## Task brief
Each line from the line containing "long Asian Opium" through the last line of the entries is to be reproduced exactly as it stands.

## Excerpted records
..........

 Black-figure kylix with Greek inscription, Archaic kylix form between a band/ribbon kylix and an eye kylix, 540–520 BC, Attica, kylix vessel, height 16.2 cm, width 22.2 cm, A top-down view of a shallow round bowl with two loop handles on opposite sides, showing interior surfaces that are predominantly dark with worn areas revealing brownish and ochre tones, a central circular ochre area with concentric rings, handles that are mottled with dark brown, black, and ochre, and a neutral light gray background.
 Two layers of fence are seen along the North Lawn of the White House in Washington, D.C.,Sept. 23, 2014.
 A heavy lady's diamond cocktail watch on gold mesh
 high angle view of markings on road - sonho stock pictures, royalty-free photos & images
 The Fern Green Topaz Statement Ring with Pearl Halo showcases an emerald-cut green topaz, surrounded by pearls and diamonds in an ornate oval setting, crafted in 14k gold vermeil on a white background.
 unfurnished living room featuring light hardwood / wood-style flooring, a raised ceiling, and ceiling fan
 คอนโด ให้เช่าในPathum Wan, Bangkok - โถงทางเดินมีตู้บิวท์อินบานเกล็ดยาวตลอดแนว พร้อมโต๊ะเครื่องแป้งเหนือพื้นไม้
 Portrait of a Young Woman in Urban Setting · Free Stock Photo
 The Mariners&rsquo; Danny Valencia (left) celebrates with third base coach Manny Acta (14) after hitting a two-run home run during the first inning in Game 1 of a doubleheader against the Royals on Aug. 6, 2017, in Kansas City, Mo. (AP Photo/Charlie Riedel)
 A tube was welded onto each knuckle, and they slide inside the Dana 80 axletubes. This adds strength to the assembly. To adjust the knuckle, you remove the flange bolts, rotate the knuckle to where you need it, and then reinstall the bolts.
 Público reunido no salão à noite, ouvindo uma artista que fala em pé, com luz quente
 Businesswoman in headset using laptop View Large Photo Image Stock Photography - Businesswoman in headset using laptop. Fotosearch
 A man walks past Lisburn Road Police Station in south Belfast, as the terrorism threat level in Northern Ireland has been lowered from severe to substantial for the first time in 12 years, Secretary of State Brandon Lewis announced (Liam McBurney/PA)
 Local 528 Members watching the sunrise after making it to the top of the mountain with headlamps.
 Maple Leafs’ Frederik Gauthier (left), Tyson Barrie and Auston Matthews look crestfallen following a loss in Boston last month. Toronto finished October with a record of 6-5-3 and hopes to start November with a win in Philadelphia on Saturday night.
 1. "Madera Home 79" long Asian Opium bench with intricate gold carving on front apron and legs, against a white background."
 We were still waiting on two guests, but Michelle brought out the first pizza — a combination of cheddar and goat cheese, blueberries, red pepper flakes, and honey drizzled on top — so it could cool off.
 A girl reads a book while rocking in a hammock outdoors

..........

## Exercise answer
 1. "Madera Home 79" long Asian Opium bench with intricate gold carving on front apron and legs, against a white background."
 We were still waiting on two guests, but Michelle brought out the first pizza — a combination of cheddar and goat cheese, blueberries, red pepper flakes, and honey drizzled on top — so it could cool off.
 A girl reads a book while rocking in a hammock outdoors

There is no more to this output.